As Florida couples consider divorce, they might think about the welfare of their children or the disposition of their property. Another critical issue they may want to consider is their tax returns going forward. That is because divorce may have several implications on the way both spouses file their taxes.
For instance, divorce will change a spouse’s filing status. The IRS determines individuals’ tax status based on their relationship status on the last day of the tax year. Therefore, if couples divorce any time prior to year’s end, each spouse must file as either single or head of household, with the latter status available only if a qualified dependent lives with the taxpayer. This status is important since it determines the spouse’s tax bracket and eligibility for exemptions, deductions and credits.
When couples separate but do not legally divorce by year’s end, they may file separately or jointly. Spouses who file jointly may take advantage of certain tax credits but are also liable for their partner’s tax liability.

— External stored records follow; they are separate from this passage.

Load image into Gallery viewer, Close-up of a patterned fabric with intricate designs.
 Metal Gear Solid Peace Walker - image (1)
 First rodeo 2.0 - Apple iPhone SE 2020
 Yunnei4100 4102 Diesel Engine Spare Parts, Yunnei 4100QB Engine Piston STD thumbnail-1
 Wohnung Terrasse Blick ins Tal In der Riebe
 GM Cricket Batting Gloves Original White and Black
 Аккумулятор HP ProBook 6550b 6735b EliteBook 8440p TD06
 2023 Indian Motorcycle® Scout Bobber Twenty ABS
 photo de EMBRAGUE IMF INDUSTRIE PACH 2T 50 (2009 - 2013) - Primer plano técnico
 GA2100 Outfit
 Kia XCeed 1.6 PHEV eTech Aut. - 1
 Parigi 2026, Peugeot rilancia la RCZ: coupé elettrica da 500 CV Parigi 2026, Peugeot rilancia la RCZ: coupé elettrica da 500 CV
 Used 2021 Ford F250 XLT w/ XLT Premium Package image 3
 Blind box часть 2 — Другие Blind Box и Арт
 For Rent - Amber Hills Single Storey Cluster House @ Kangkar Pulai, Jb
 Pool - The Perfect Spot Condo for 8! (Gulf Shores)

Some parents may believe that child support is tax-deductible, but this is not the case. However, spousal support is tax-deductible, even for individuals who do not itemize their deductions. The alimony-paying spouse must remember to retain the alimony-receiving spouse’s Social Security number in order to receive tax deductions for those payments and to not pay a $50 penalty. Since the IRS considers alimony payments taxable income, the spouse who receives the support must include this amount on his or her tax-filings.
These issues may be complicated, and so individuals going through divorce often consult with a family law attorney. Similar to asset division and child custody, tax implications are a major consideration in any divorce.